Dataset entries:
════════════════
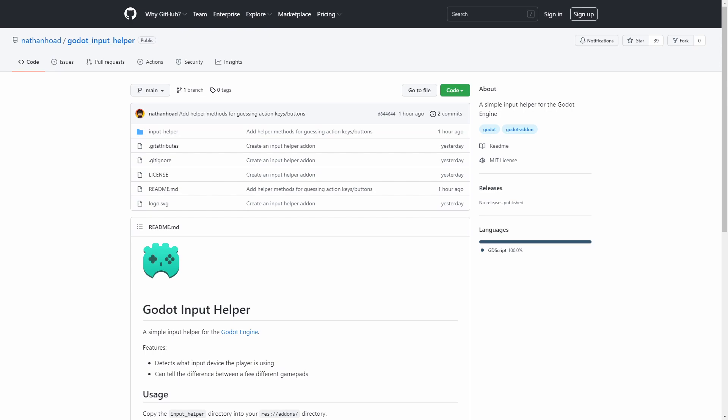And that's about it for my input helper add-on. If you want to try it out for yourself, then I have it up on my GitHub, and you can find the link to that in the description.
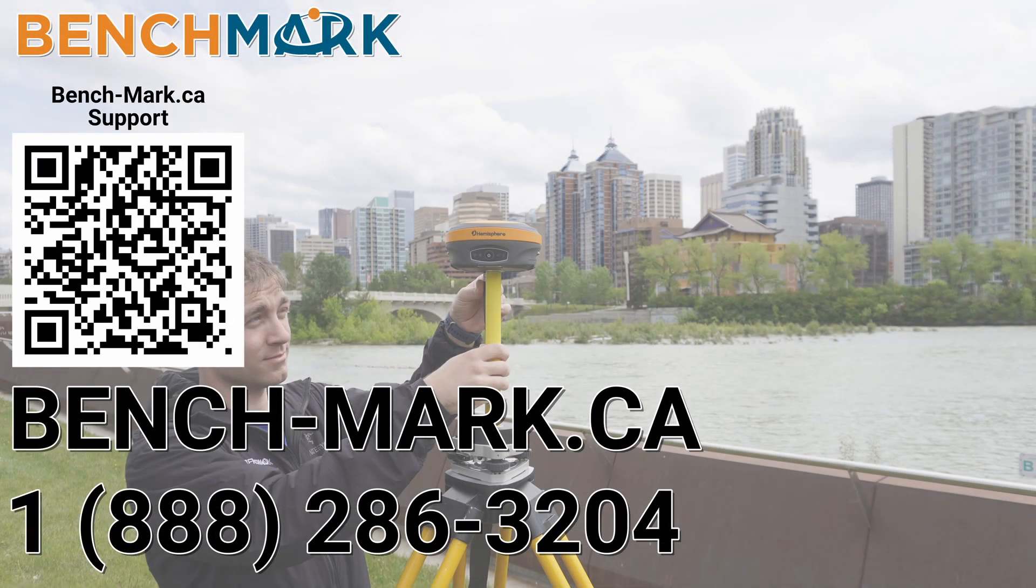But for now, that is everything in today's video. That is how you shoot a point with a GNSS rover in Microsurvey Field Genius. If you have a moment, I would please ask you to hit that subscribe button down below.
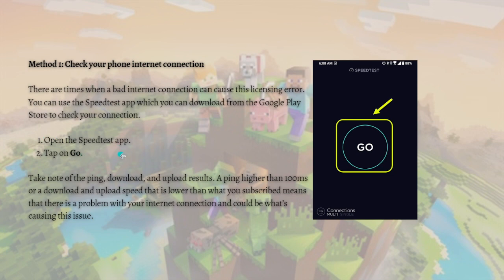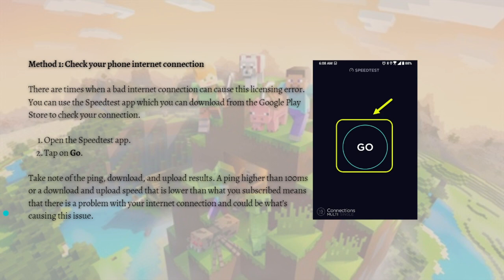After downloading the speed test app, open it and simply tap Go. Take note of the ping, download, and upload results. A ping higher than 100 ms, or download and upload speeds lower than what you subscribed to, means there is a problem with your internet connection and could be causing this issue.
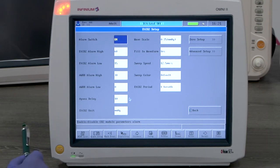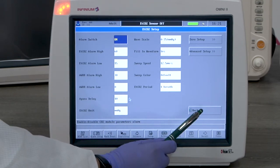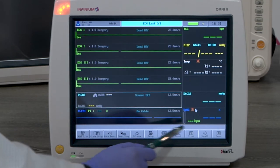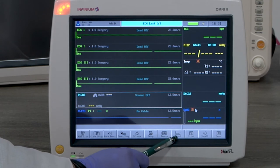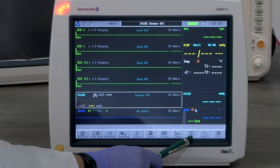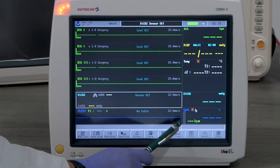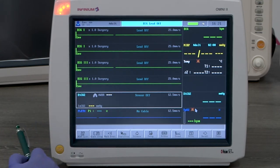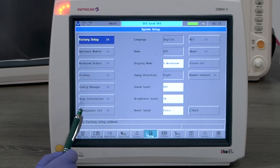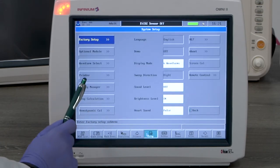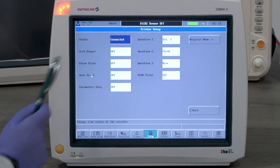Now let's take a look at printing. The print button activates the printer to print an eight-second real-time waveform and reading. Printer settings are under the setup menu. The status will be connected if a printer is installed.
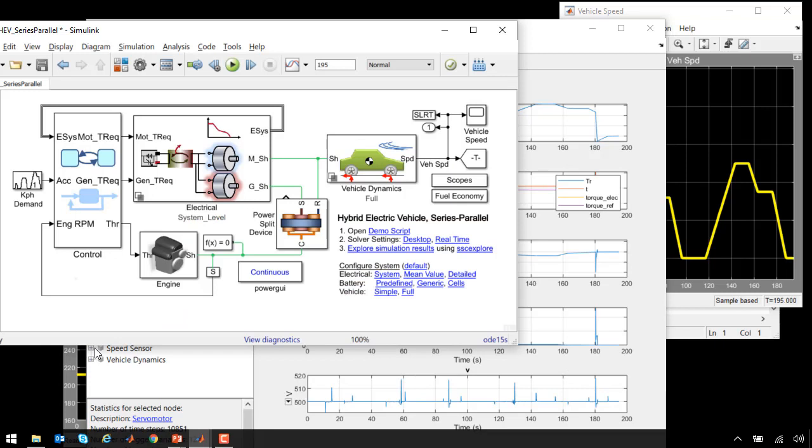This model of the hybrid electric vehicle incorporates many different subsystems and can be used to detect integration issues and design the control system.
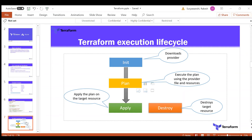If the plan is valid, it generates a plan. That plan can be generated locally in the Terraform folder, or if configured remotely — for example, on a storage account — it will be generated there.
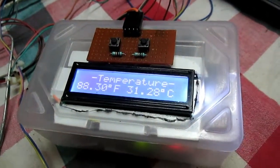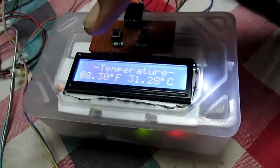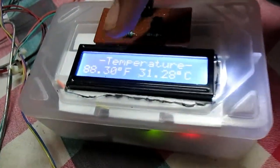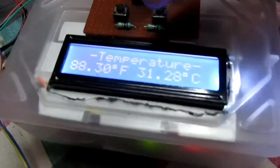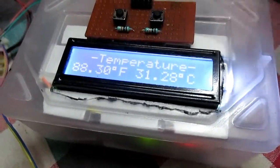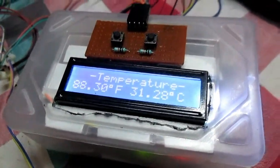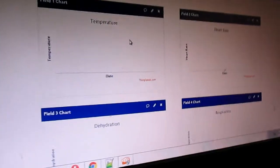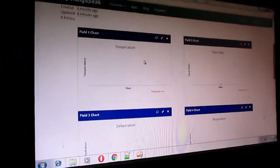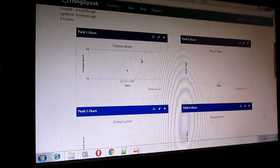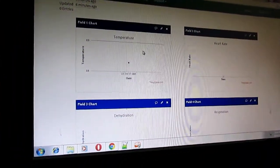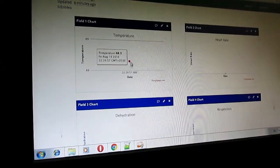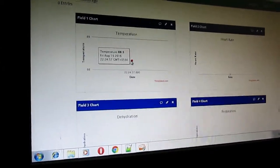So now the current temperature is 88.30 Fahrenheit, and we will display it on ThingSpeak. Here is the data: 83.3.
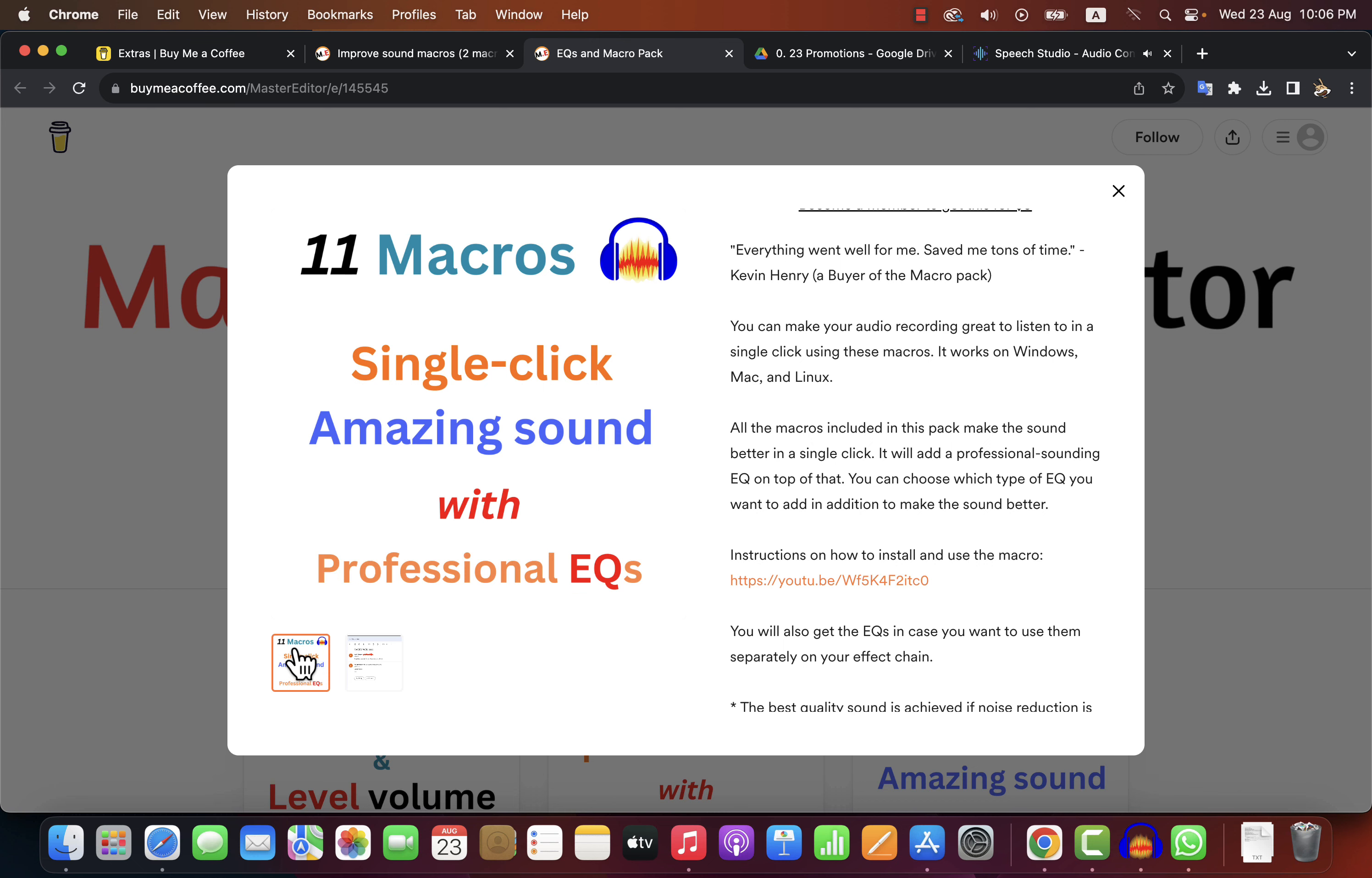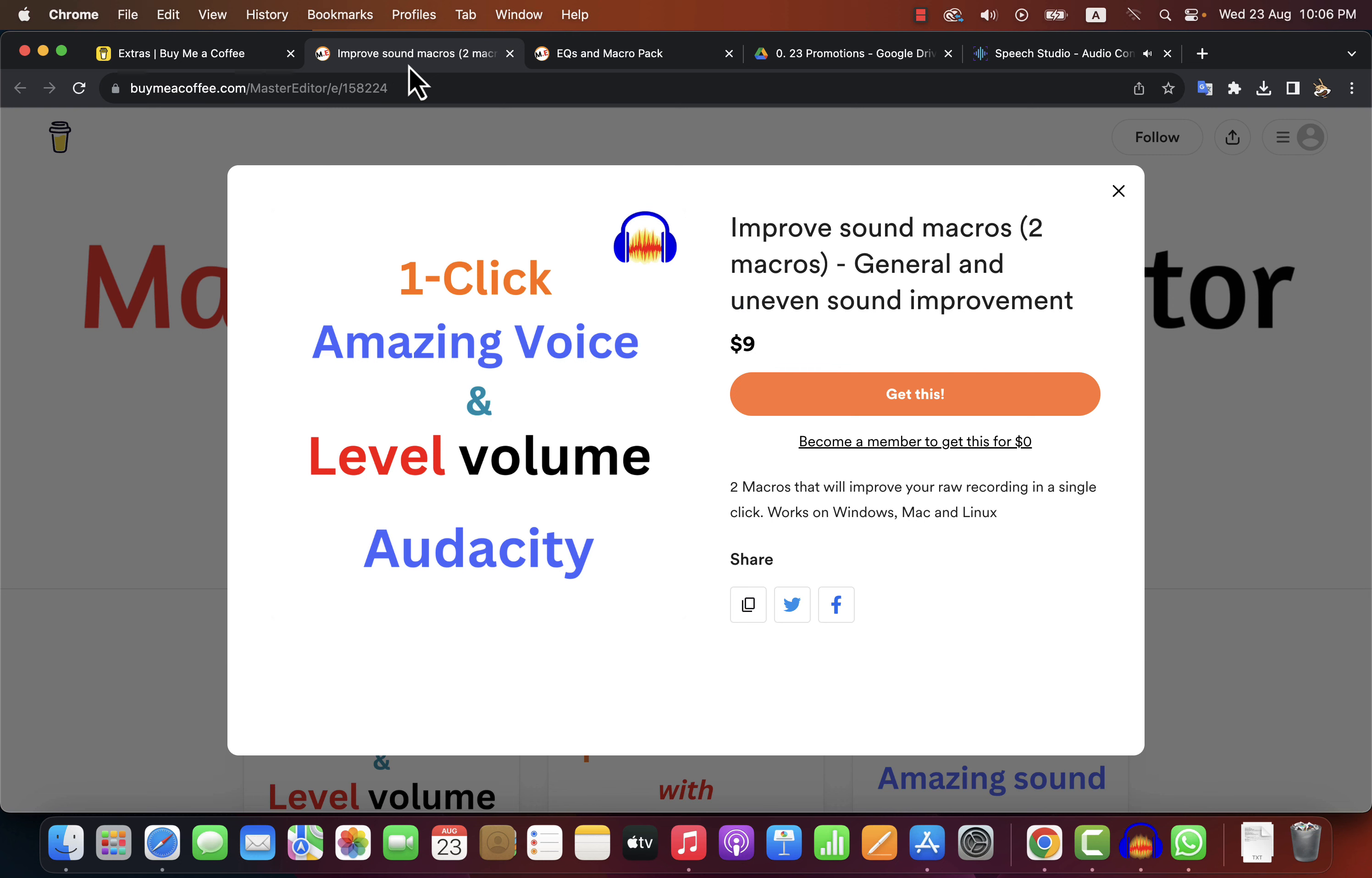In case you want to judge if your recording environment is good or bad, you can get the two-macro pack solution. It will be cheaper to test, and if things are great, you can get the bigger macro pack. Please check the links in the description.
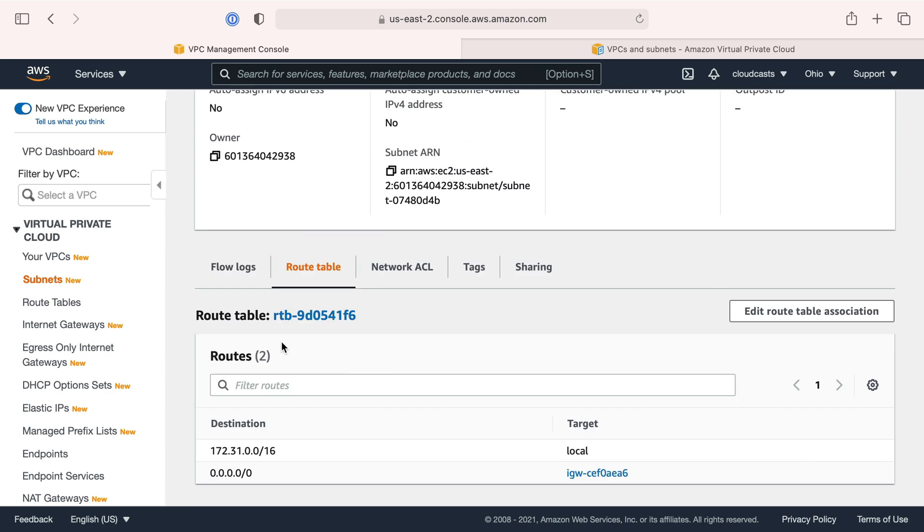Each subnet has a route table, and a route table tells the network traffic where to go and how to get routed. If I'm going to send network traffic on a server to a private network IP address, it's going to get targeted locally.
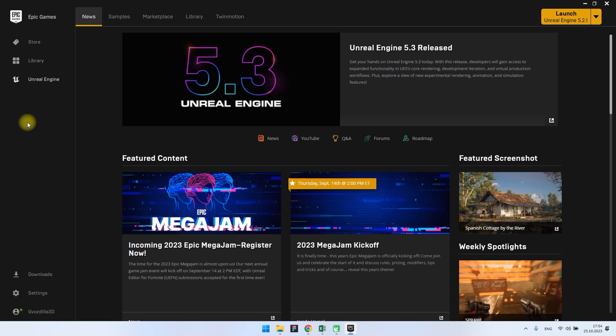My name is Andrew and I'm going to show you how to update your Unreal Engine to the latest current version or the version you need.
════════════════
**Exercise objective**
Give again, word for word, the line containing "After downloading the" and every line after it to the end of the records; leave out the pictures.

**Result for this exercise**
After downloading the speed test app, open it and simply tap Go. Take note of the ping, download, and upload results. A ping higher than 100 ms, or download and upload speeds lower than what you subscribed to, means there is a problem with your internet connection and could be causing this issue.
Now let's take a look at printing. The print button activates the printer to print an eight-second real-time waveform and reading. Printer settings are under the setup menu. The status will be connected if a printer is installed.
This model of the hybrid electric vehicle incorporates many different subsystems and can be used to detect integration issues and design the control system.
If the plan is valid, it generates a plan. That plan can be generated locally in the Terraform folder, or if configured remotely — for example, on a storage account — it will be generated there.
So now the current temperature is 88.30 Fahrenheit, and we will display it on ThingSpeak. Here is the data: 83.3.
In case you want to judge if your recording environment is good or bad, you can get the two-macro pack solution. It will be cheaper to test, and if things are great, you can get the bigger macro pack. Please check the links in the description.
Each subnet has a route table, and a route table tells the network traffic where to go and how to get routed. If I'm going to send network traffic on a server to a private network IP address, it's going to get targeted locally.
My name is Andrew and I'm going to show you how to update your Unreal Engine to the latest current version or the version you need.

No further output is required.